Archive for the ‘BIAB’ Category

You Brew Your Own Beer? Pretzel beer?

I am taking a break from brewing starting January so I can prepare for my Professional Engineer exam in April. I have some backstock ingredients so I have been working them down. Today I brewed an experimental beer that I hope reminds me of pretzels.
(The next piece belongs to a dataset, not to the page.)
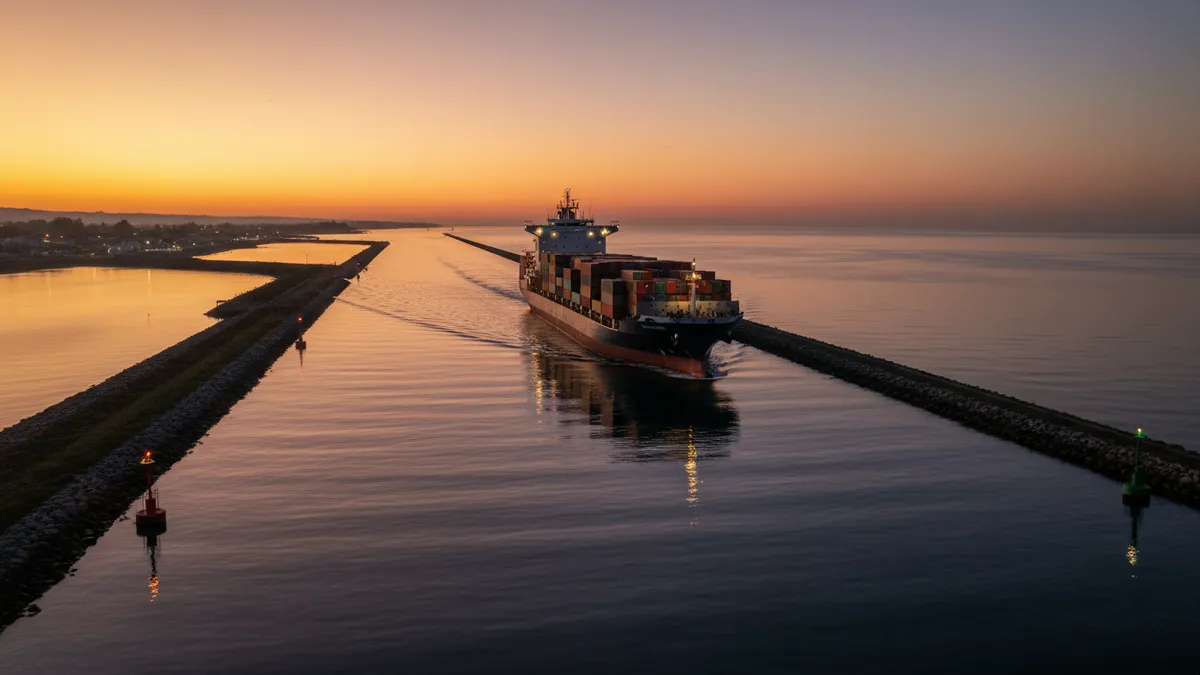 Cargo en transit dans un chenal étroit balisé au crépuscule, balises latérales rouge et verte, ambiance maritime éditoriale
Here is the recipe for 1.5 gallons:
10.00 g Sea Salt (Mash 60.0 mins) Water Agent 1 –
1 lbs 10.4 oz White Wheat Malt (2.4 SRM) Grain 2 69.5 %
4.0 oz Acid Malt (3.0 SRM) Grain 3 10.5 %
4.0 oz White Wheat Malt-toasted (2.4 SRM) Grain 4 10.5 %
2.0 oz Oats, Flaked (1.0 SRM) Grain 5 5.3 %
0.30 oz Goldings, East Kent [5.00 %] – Boil 90.0 min Hop 6 23.1 IBUs
1.6 oz Cane (Beet) Sugar (0.0 SRM) Sugar 7 4.2 % post krausen

I did a step mash, biab, stovetop. The first rest was 122F for 30 minutes. The second rest was 152F for 60 minutes. I did a 90 minute boil. I didn’t have any beer yeast, so I used a packet of Montrachet. Hopefully it rips through the sugars, I’m not looking for yeast character on this one anyways. Hopefully the acid malt gives the hint of sourdough, the salt, well salt, and the toasted wheat that toasty outer crust of a pretzel. The wort tasted pretty good going into the fermenter.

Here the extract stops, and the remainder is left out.